*Task description*
Your copy should match the records below word for word and contain no pictures.

*Provided entries*
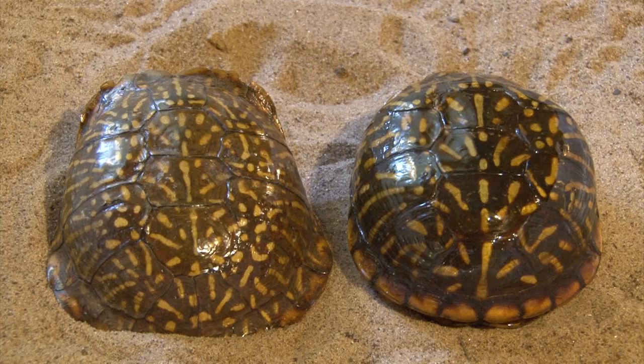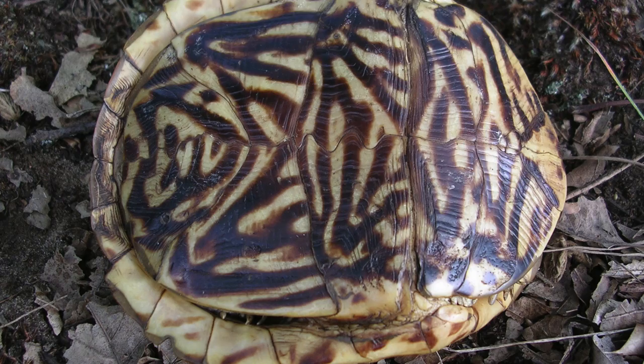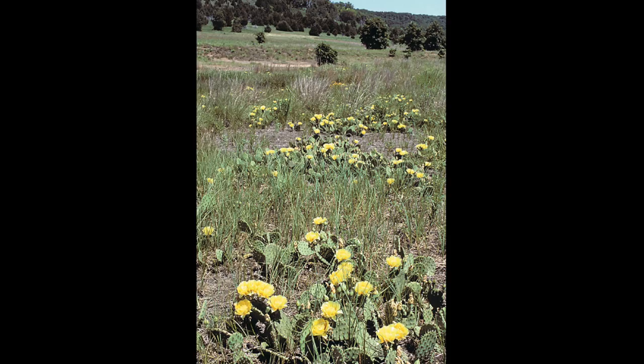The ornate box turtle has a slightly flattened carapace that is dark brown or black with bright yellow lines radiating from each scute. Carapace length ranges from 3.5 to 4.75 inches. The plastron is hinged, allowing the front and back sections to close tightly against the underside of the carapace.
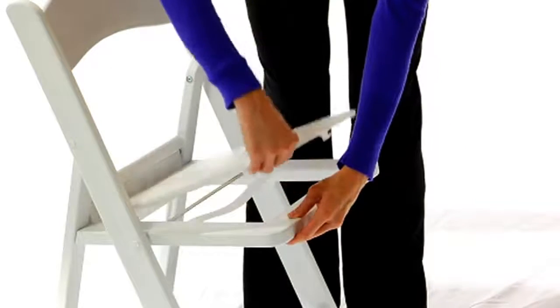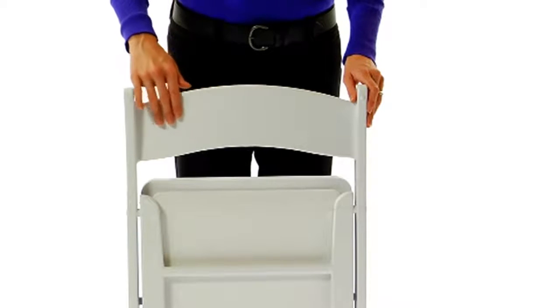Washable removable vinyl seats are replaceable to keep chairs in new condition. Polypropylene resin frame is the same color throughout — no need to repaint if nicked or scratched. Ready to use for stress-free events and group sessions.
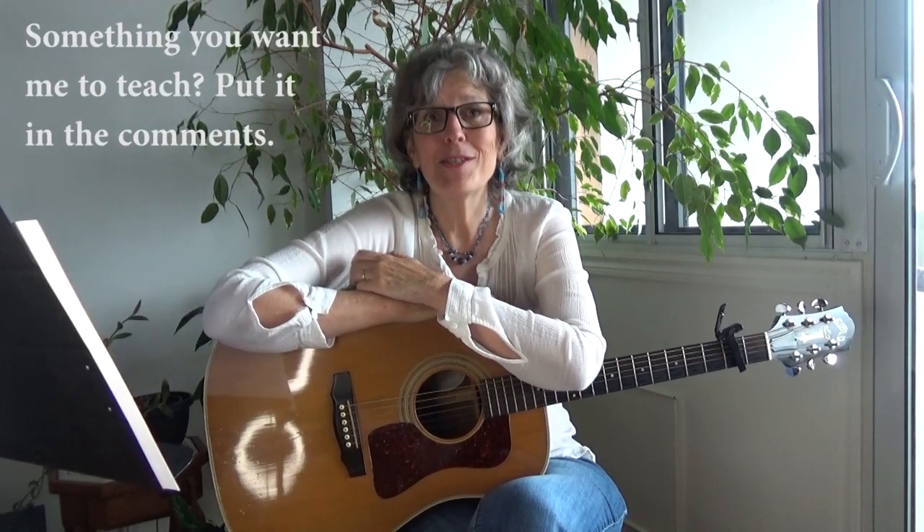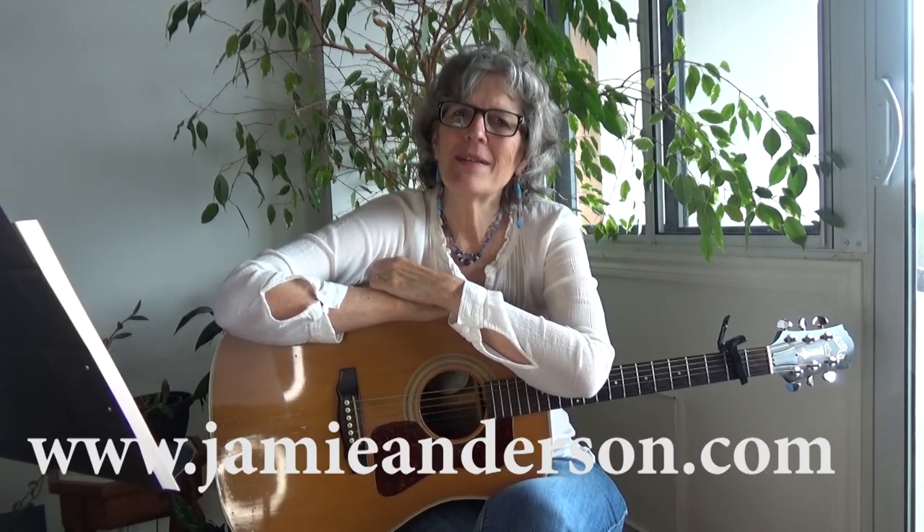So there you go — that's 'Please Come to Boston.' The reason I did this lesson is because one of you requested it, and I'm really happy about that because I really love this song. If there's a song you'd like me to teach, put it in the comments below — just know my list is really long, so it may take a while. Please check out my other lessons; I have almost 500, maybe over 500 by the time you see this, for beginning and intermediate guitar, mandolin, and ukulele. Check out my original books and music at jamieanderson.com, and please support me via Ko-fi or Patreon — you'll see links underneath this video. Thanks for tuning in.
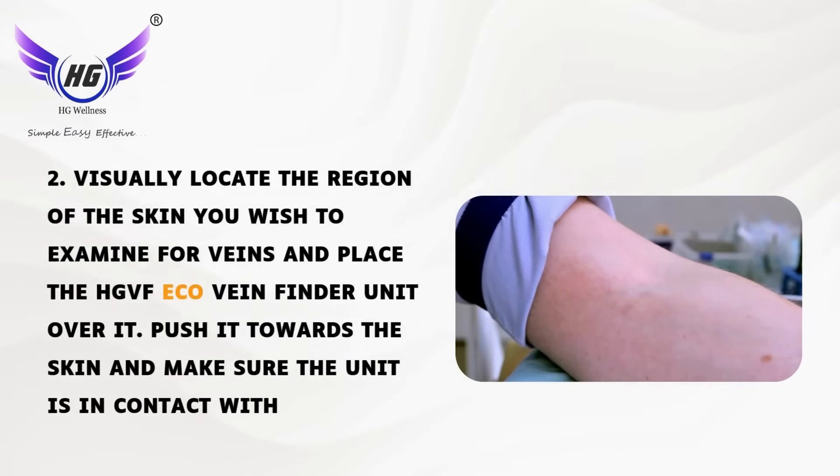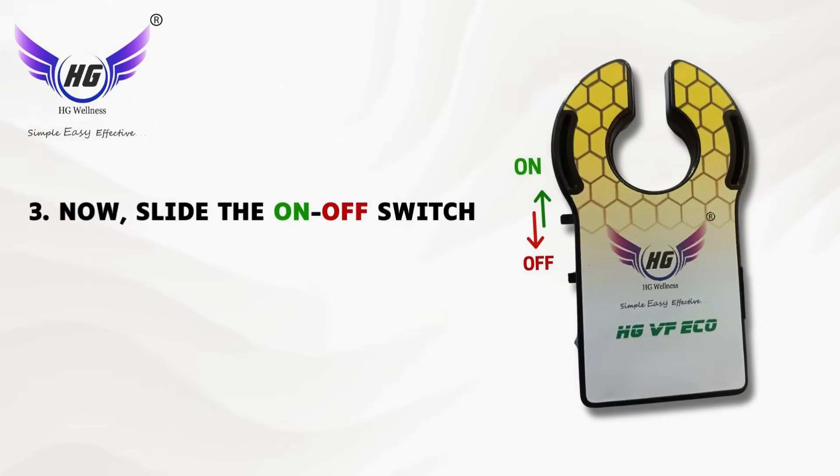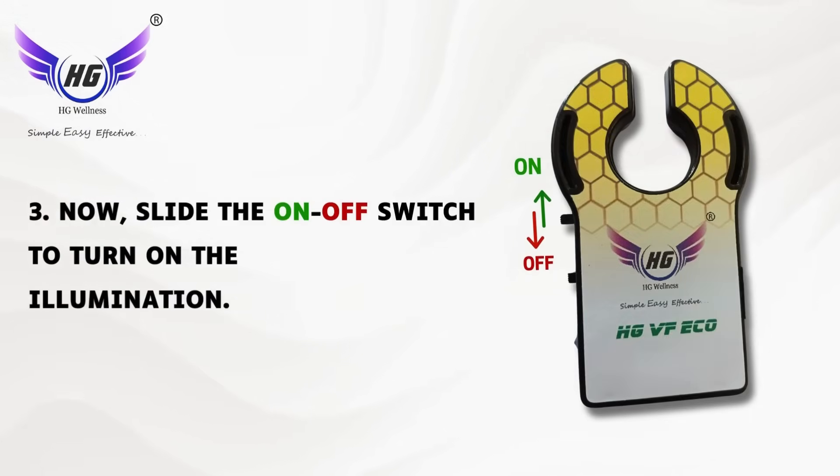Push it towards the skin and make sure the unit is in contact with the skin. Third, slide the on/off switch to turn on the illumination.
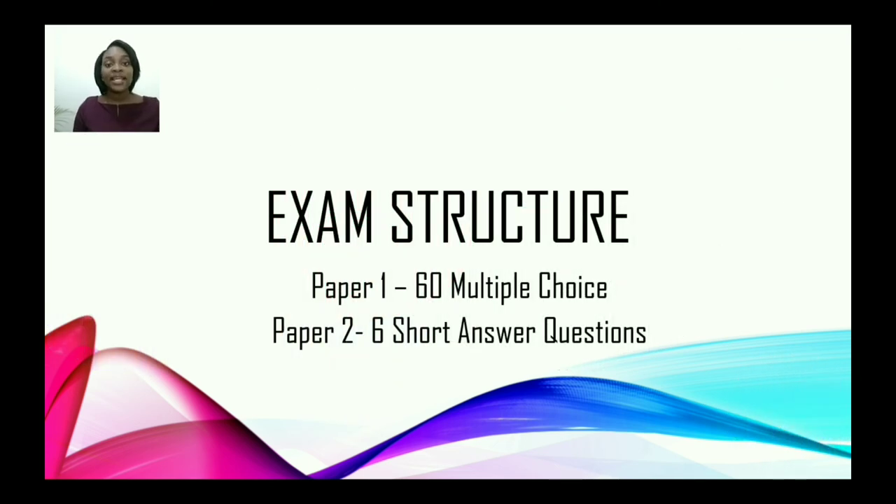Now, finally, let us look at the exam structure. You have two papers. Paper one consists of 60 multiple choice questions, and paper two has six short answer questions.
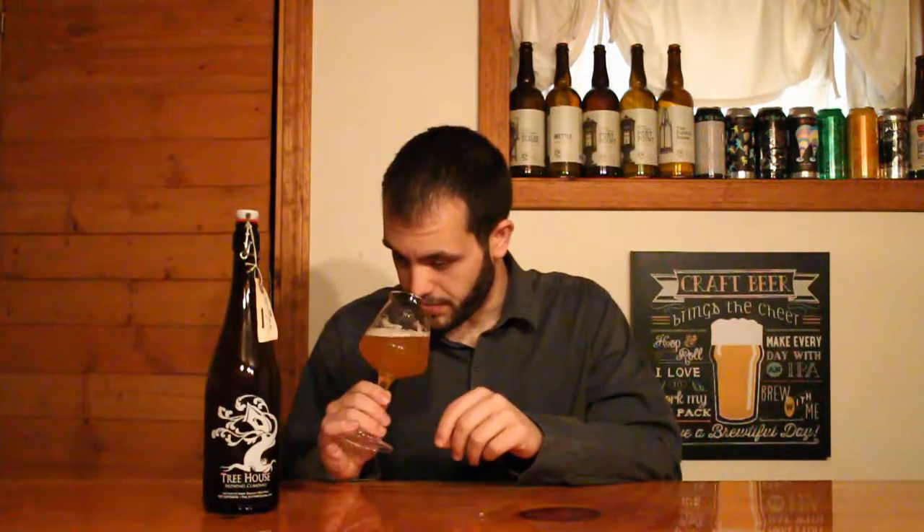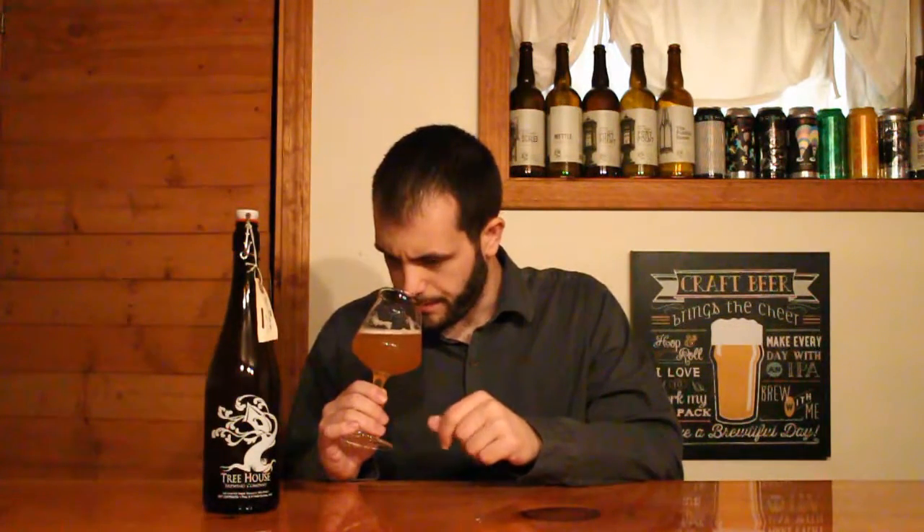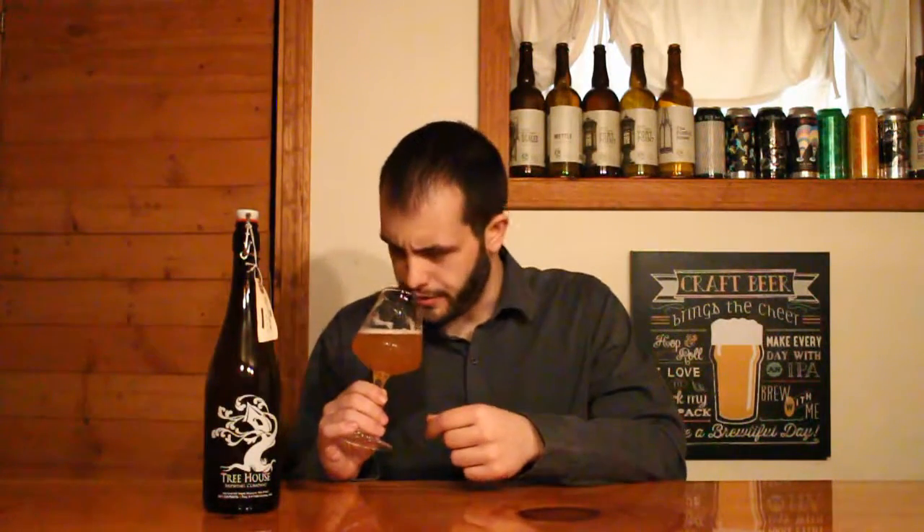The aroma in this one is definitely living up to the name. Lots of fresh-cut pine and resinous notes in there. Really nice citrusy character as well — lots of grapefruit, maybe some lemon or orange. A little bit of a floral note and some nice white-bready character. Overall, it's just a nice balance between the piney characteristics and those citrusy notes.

*Problem solution*
The ornate box turtle has a slightly flattened carapace that is dark brown or black with bright yellow lines radiating from each scute. Carapace length ranges from 3.5 to 4.75 inches. The plastron is hinged, allowing the front and back sections to close tightly against the underside of the carapace.
Washable removable vinyl seats are replaceable to keep chairs in new condition. Polypropylene resin frame is the same color throughout — no need to repaint if nicked or scratched. Ready to use for stress-free events and group sessions.
So there you go — that's 'Please Come to Boston.' The reason I did this lesson is because one of you requested it, and I'm really happy about that because I really love this song. If there's a song you'd like me to teach, put it in the comments below — just know my list is really long, so it may take a while. Please check out my other lessons; I have almost 500, maybe over 500 by the time you see this, for beginning and intermediate guitar, mandolin, and ukulele. Check out my original books and music at jamieanderson.com, and please support me via Ko-fi or Patreon — you'll see links underneath this video. Thanks for tuning in.
Push it towards the skin and make sure the unit is in contact with the skin. Third, slide the on/off switch to turn on the illumination.
Now, finally, let us look at the exam structure. You have two papers. Paper one consists of 60 multiple choice questions, and paper two has six short answer questions.
The aroma in this one is definitely living up to the name. Lots of fresh-cut pine and resinous notes in there. Really nice citrusy character as well — lots of grapefruit, maybe some lemon or orange. A little bit of a floral note and some nice white-bready character. Overall, it's just a nice balance between the piney characteristics and those citrusy notes.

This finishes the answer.